WHAT THIS TASK INVOLVES
Pictures are to be omitted; everything else in the data must be transcribed exactly.

SUPPLIED INFORMATION
= Beginning of Section =

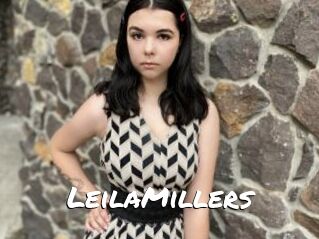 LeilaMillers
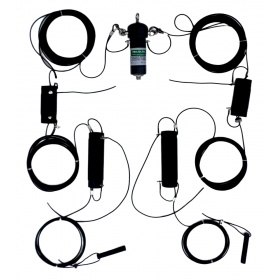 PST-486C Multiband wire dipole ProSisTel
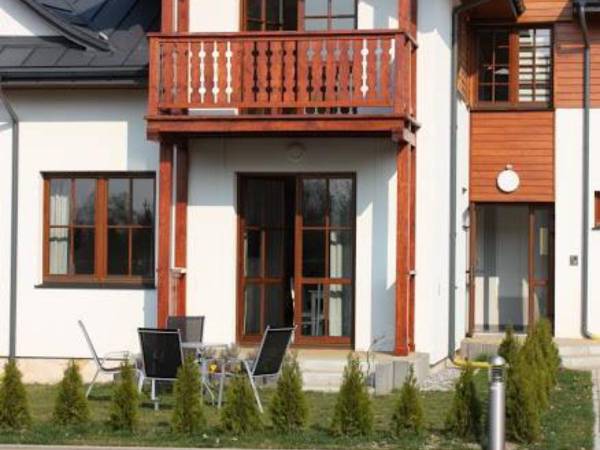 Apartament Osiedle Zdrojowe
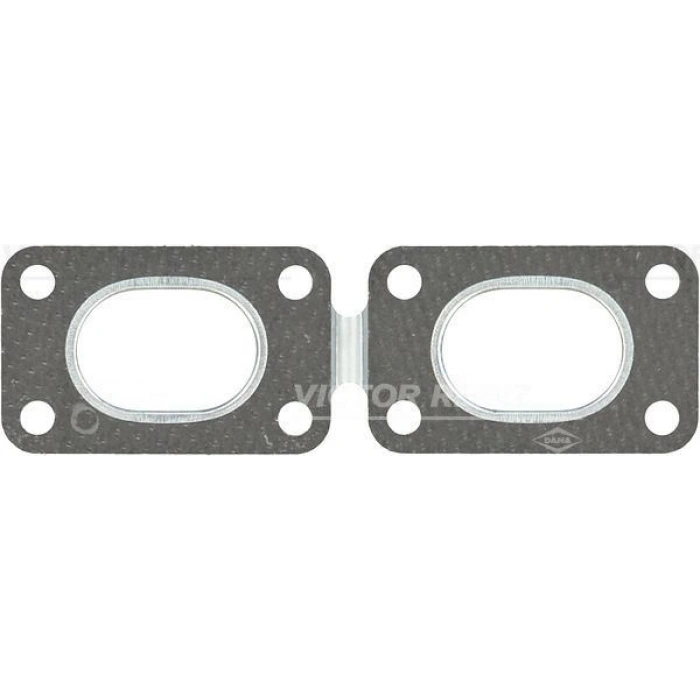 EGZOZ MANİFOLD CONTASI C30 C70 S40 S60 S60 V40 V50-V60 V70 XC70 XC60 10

= End of Section =

RESULT
 LeilaMillers
 PST-486C Multiband wire dipole ProSisTel
 Apartament Osiedle Zdrojowe
 EGZOZ MANİFOLD CONTASI C30 C70 S40 S60 S60 V40 V50-V60 V70 XC70 XC60 10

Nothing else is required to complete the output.